Discussion on the influence of WSFC compulsory Arbitration 04/19 Update SLTechnology News&Howtos

Discussion on the influence of WSFC compulsory Arbitration

2025-04-19 Update From: SLTechnology News&Howtos shulou NAV: SLTechnology News&Howtos > Servers >

Shulou(Shulou.com)06/03 Report--

Compulsory arbitration is a common operation in WSFC cluster management. Under what circumstances should compulsory arbitration be carried out and whether it will affect the cluster after compulsory arbitration? Lao Wang will discuss with you in detail in this article. In order to facilitate understanding, I will briefly review the cluster database and the concept of arbitration involved in compulsory arbitration, so that you can better understand and think about compulsory arbitration.

First of all, let's take a look at the cluster database. Many friends may not know this concept. Lao Wang has a special article earlier, so here is only a summary. To put it simply, the cluster database is a configuration database operated by Microsoft WSFC, which exists in each node registry and witness disk.

Main uses of cluster database

When each node of the cluster starts, check whether the cluster database registry configuration unit is complete, if it is complete, it can allow the node to start the cluster service normally. If it is incomplete, it needs to be synchronized with other nodes before the service can be provided normally.
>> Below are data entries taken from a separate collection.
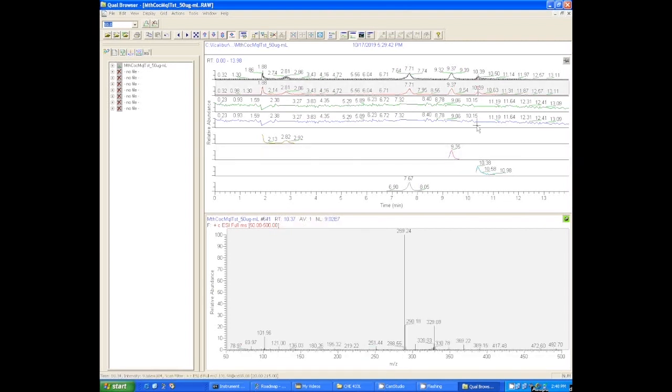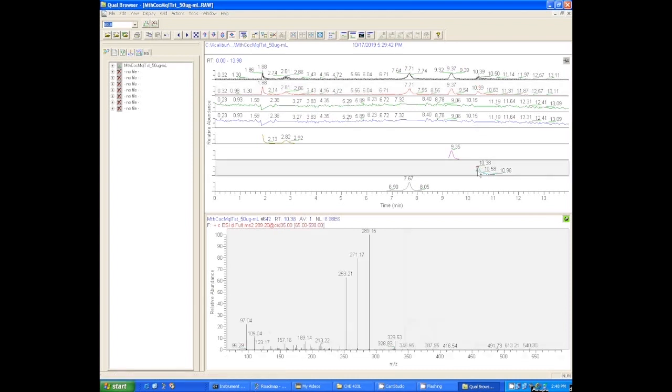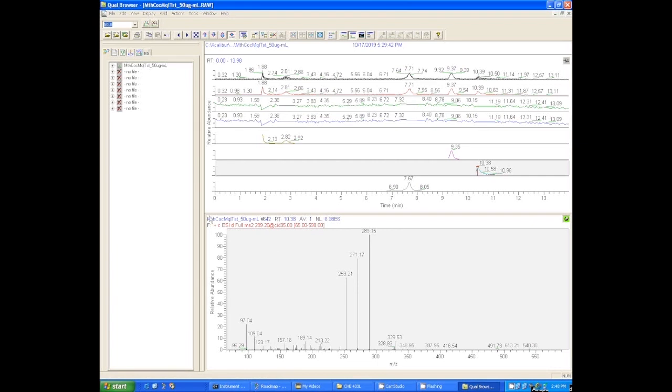We'll go to the MS1 spectrum and see testosterone. We got an MS2 spectrum for that one and we got a lot of good fragments here, so that's definitely going to tell us whether or not we have testosterone.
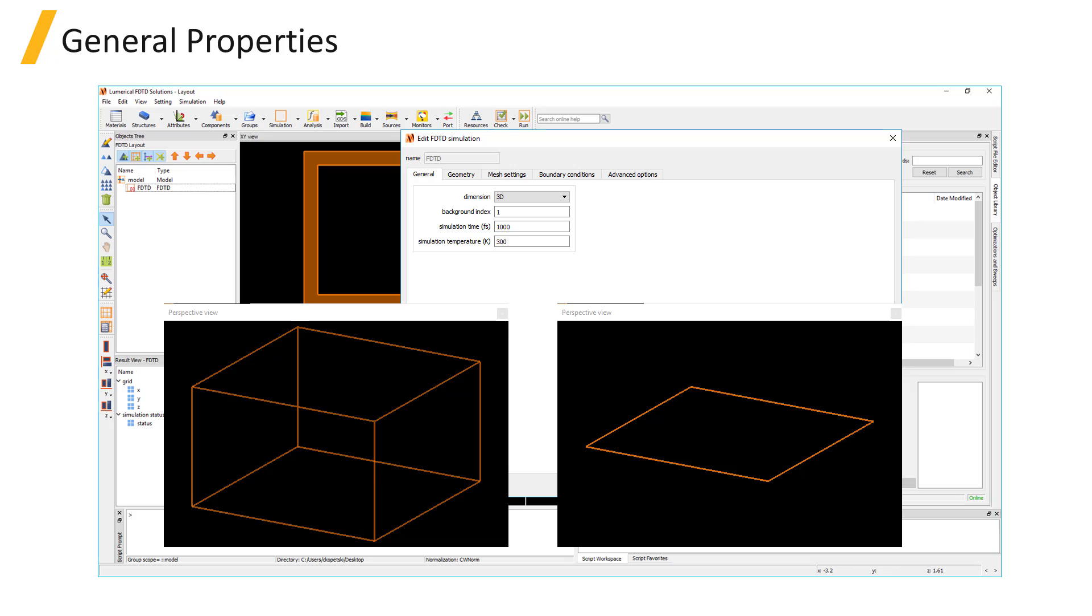The dimension of the solver region can either be 2D or 3D. The 2D simulation takes the xy cross section of the structure at the z position of the solver. The orientation of the 2D simulation region can only be z normal, so the orientation of the structure needs to be set up accordingly so that the dimension that should be considered uniform and infinite is along the z direction.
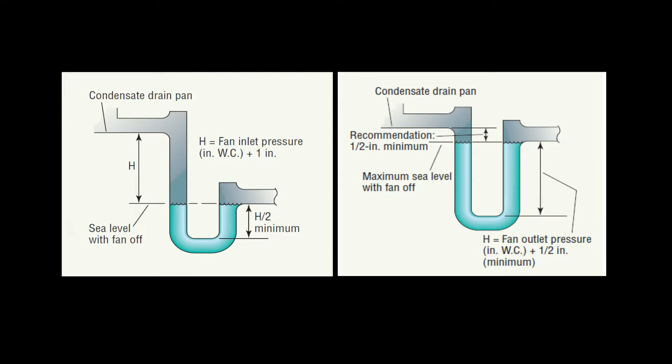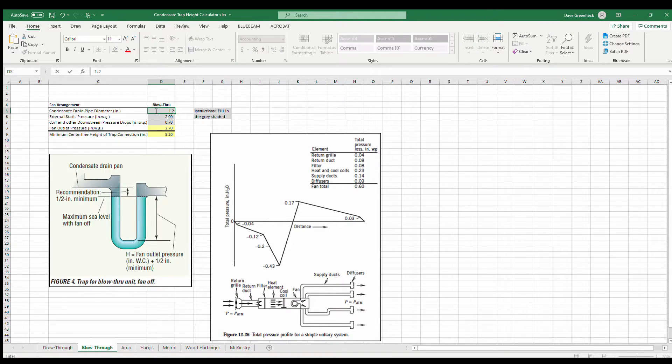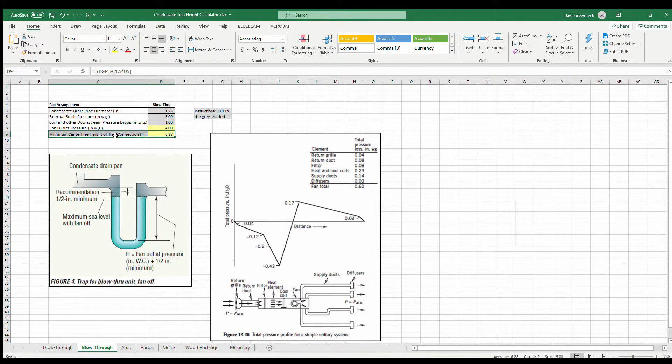So how do we size our condensate traps so that they work correctly and prevent these common problems from occurring? These graphics show traps for a draw-through and a blow-through arrangement with dimensions. The good news is Air Reps has created a calculation tool with equations for either draw-through or blow-through so you can get your answers quickly. All you need is condensate drain pipe diameter, external static pressure, coil pressure drop, and other downstream component pressure drops for a blow-through arrangement. And if you aren't sure what draw-through or blow-through is, we have graphics that illustrate the difference.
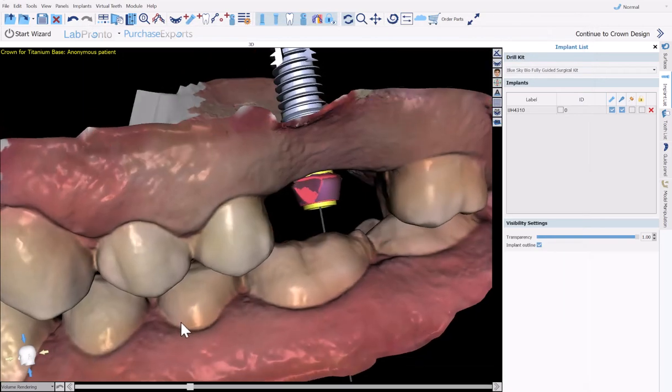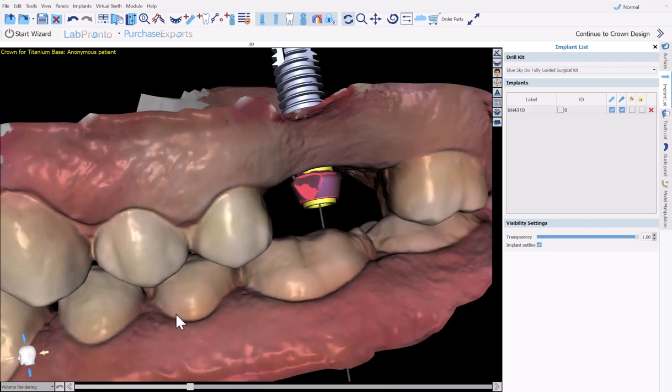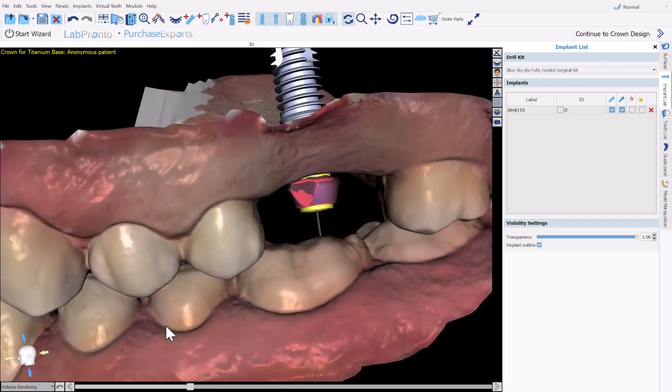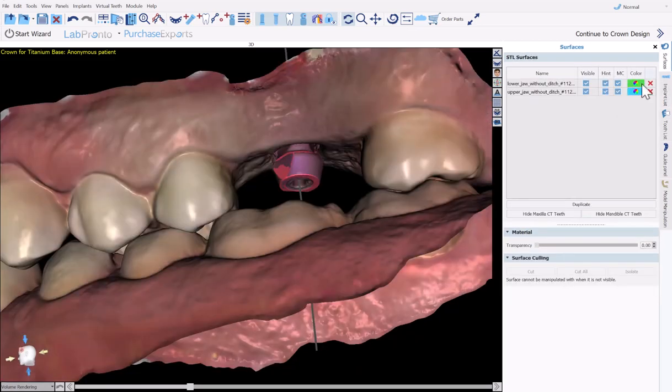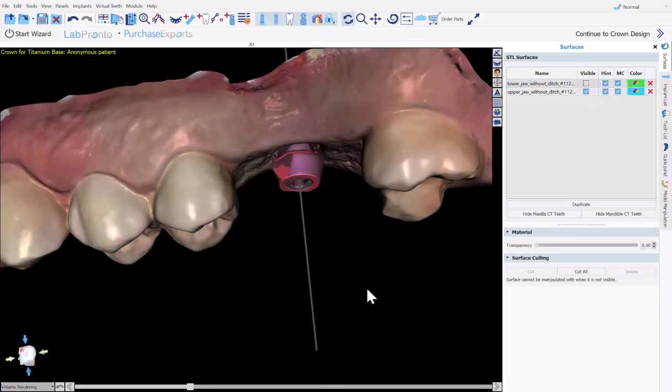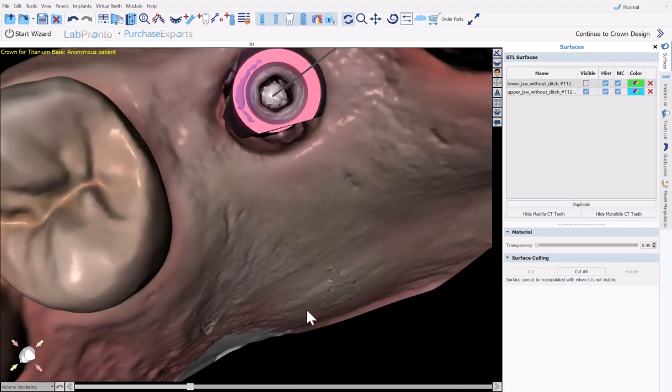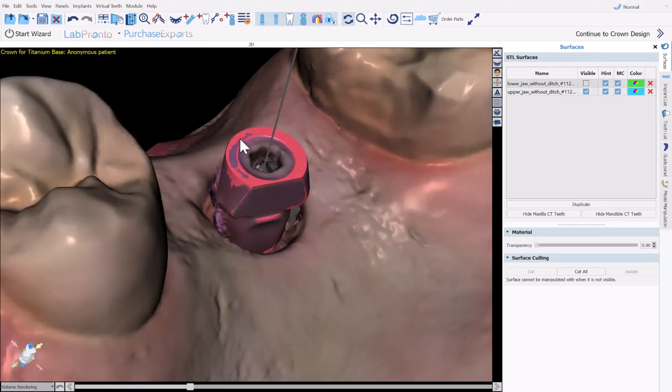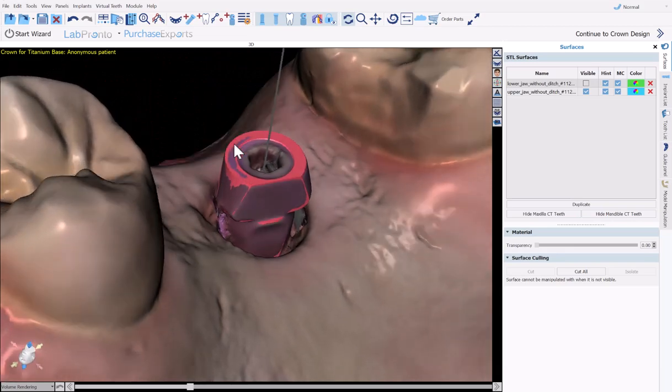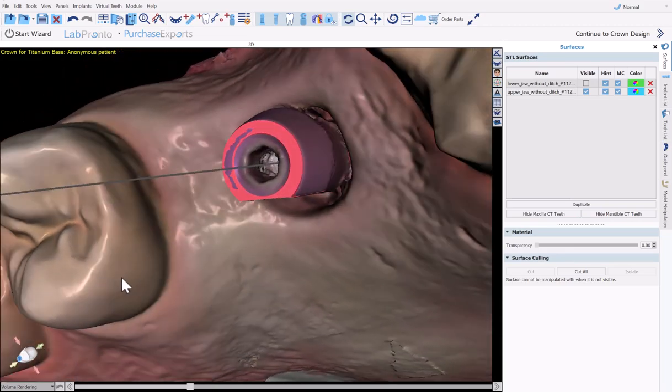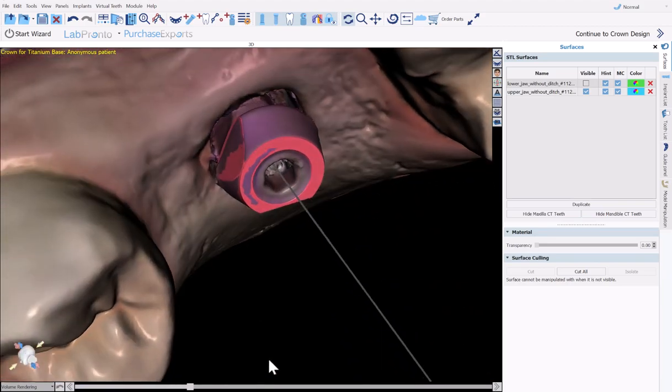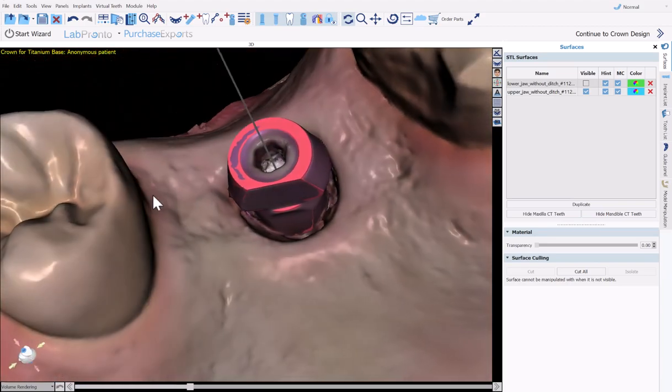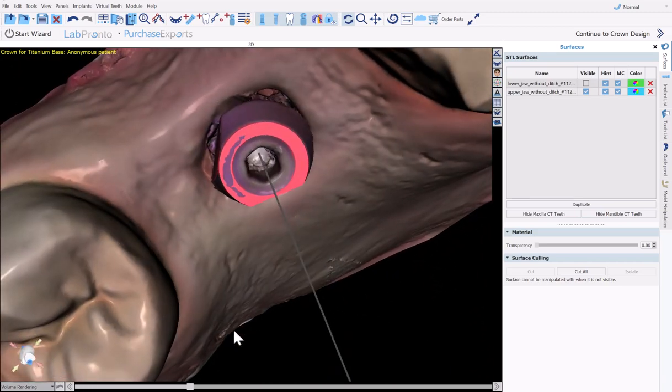We can now see that the scan body has been aligned to the scan body from the scan, and the abutment and the implant has been added as well. If we hide the implant and the abutment, and turn off our opposing arch, we could see the alignment of the scan body from the library to the scan body in the scan.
During the operation of the cluster, the metadata is synchronized in real time to maintain the consistency of the cluster information of each node, and as a reference for failover, during the normal operation of WSFC, the configuration data such as the status of the cluster node, the status of the cluster and the role of the cluster will be recorded in the registry of each node. During the operation of the cluster, the information of the cluster is modified on each node, and the modified data will be synchronized to each node, and the cluster will witness the disk. The cluster communication network is used during synchronization, in which the cluster roles currently hosted by each node are synchronized, so that each node and the witness disk know what services are being carried on each other, and in the event of a failover, other nodes detect the registry unit and mount the cluster roles originally hosted by the down node online.

Since WSFC 2008, the paxos tagging mechanism has been introduced into the cluster database. Each cluster node can keep the latest copy of the cluster database. If a node modifies the cluster data, the paxos tag of the node increases, and then each node senses an updated paxos tag and automatically synchronizes the contents of the cluster database with it, ensuring that the paxos is always consistent with the latest tag. When the cluster node is down and recovers, It compares its own paxos tag with the disk witness paxos mark. If the disk witnesses the paxos tag update, it goes online after synchronizing with it. If the disk witness detects that the cluster node has an updated paxos tag, the cluster database will also synchronize with it.

So what does the cluster database have to do with mandatory arbitration?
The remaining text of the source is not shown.